食品包装 易開封への改善目立つ
食品である以上、本来評価されるべきはおいしいか否かで中身が圧倒的に重要だ。しかし、だからといって外見の部分をおろそかにすればいいかというと、決してそうではない。中でも、パッケージの開封しやすさというのは味に直接関係しないが、商品を購入して口に入れるまでの一連の流れにおいて、その果たす役割は無視できない。力が必要なため手首を痛める、切り口が斜めになり中身が溢れる、あるいはカップの縁で指先を切って怪我をすると、商品イメージは大きく棄損し、支持も失いかねない。包装パッケージや容器のメーカーを取材すると、より開封しやすい、さらに安全性を高めるといった易開封に関しての改善に取り組む動きが目立つ。
軟包装パッケージメーカーのメイワパックスは、「イノベーティックなものを開発するという考えもあるが捨てている。どちらかというと消費者目線からの改善に取り組んでおり、開発も営業に同行する」と明かす。ゼロから新製品を出すよりも、背中のかゆいところに手が届くようになったものの方が、ある程度ヒット率が高くなるという。
同社のイージーカットフィルム「たてよこまっすぐカットECF」は直線的にかつ手切れ感の軽いフィルムで、縦からでも横からでも直線的に切ることができるのが特徴だ。また、グループの明和産商は、規格袋のカタログをリニューアルするにあたって、メイワパックスが開発した「段差レーザー加工 L‐BOCO」の規格袋をラインアップに加えた。易開封レーザー加工で袋の片面を波形にすることで、中央の切れ目が段違いになり、指でつまみやすい形状となる。
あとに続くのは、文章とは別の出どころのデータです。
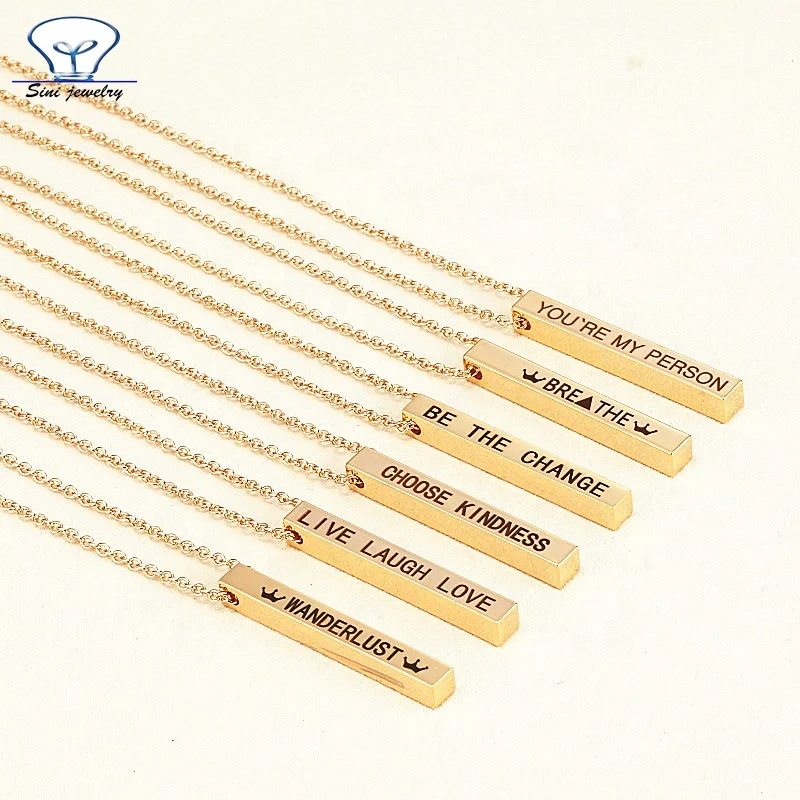 

Personalized Nameplate Necklace Stainless Steel Customized engraved Logo Pendant Name 24K gold bar Necklace designs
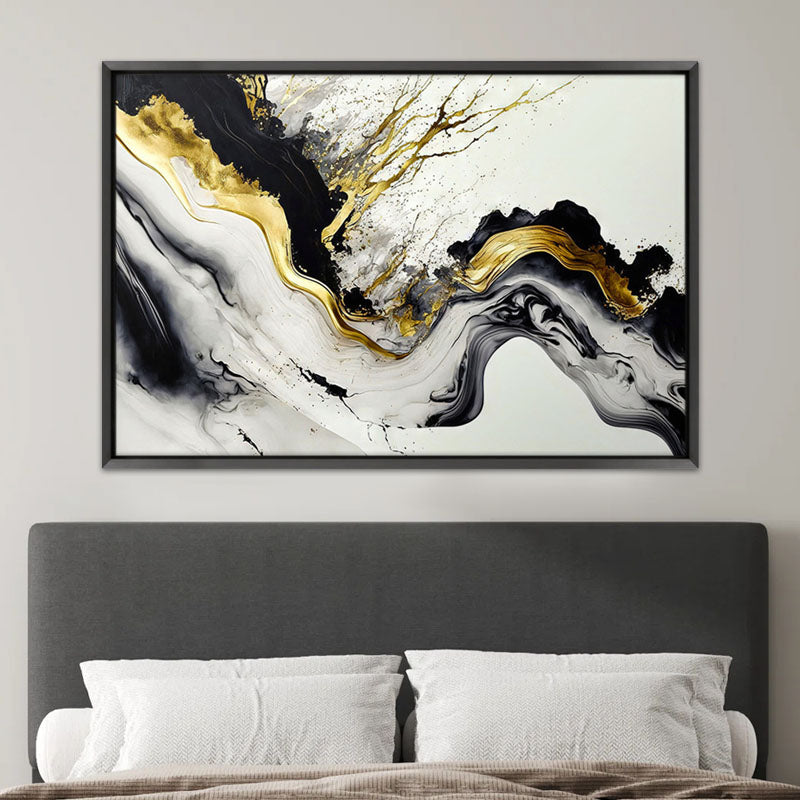 Картина на платно "Abstract Golden Wave" дигитален печат с рамка 140x100x3cm.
指先が渇いてしまう高齢者でも開けやすいことを訴求する。
クリロン化成の「クリアピール」は抵抗感のない滑らかなピール感、糸引きがない剥離面のキレイさ、剥離時にフィルムが切れにくいことをアピールしている。ポリエチレン(PE)用ではハム・ソーセージや惣菜などに用いられており、ポリプロピレン(PP)用は、豆腐業界での採用が進んでいる。低価格で販売されやすい豆腐の蓋は、開封時にフィルムの持ち手が千切れたり、不完全に破れたりする場合があったという。このほど、PET容器用とハム・ソー業界から要望のあったPEのハイバリアタイプも新たに開発したことでラインアップを一通り揃えた。
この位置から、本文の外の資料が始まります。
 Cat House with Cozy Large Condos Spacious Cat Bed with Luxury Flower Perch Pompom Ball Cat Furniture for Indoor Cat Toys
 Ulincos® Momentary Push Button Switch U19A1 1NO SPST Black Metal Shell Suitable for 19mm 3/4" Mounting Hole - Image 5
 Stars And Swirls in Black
大阪包装社は、「ワイドオープンサンド袋」の販売に注力している。通常のサンドイッチの袋は背面にラベルが貼付されているため、開封する際にテープが引っ掛かり、キレイに切り裂くのが難しかった。そこで同社は、サンドイッチの下部の開封部分をつまんで上部にめくり上げることで、背面のフィルムを全面開封できる袋を開発した。
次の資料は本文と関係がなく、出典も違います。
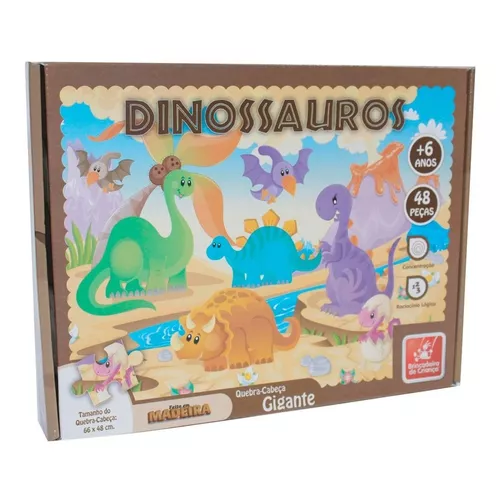 Jogo 4 Quebra Cabeça Dinossauros Infantil C/ 12 Peças - Decoraset.com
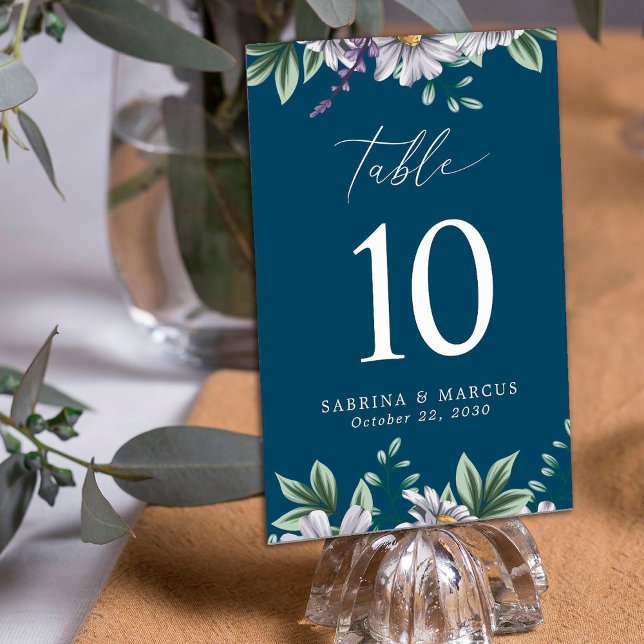 Numeração De Mesa Casamento Personalizado Floral Personalizado Elega (Criador carregado)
山田工作所が3年前に特許を取得した安全かつ薄肉化した上で強度を高めたエコ容器「Y・Y・リッド」は、カップの縁で指を切ったというクレームがたびたび寄せられていたことから生まれた製品だ。カップ容器の縁の部分を外側に折り曲げることで鋭利さをなくすとともに強度を高めることに成功している。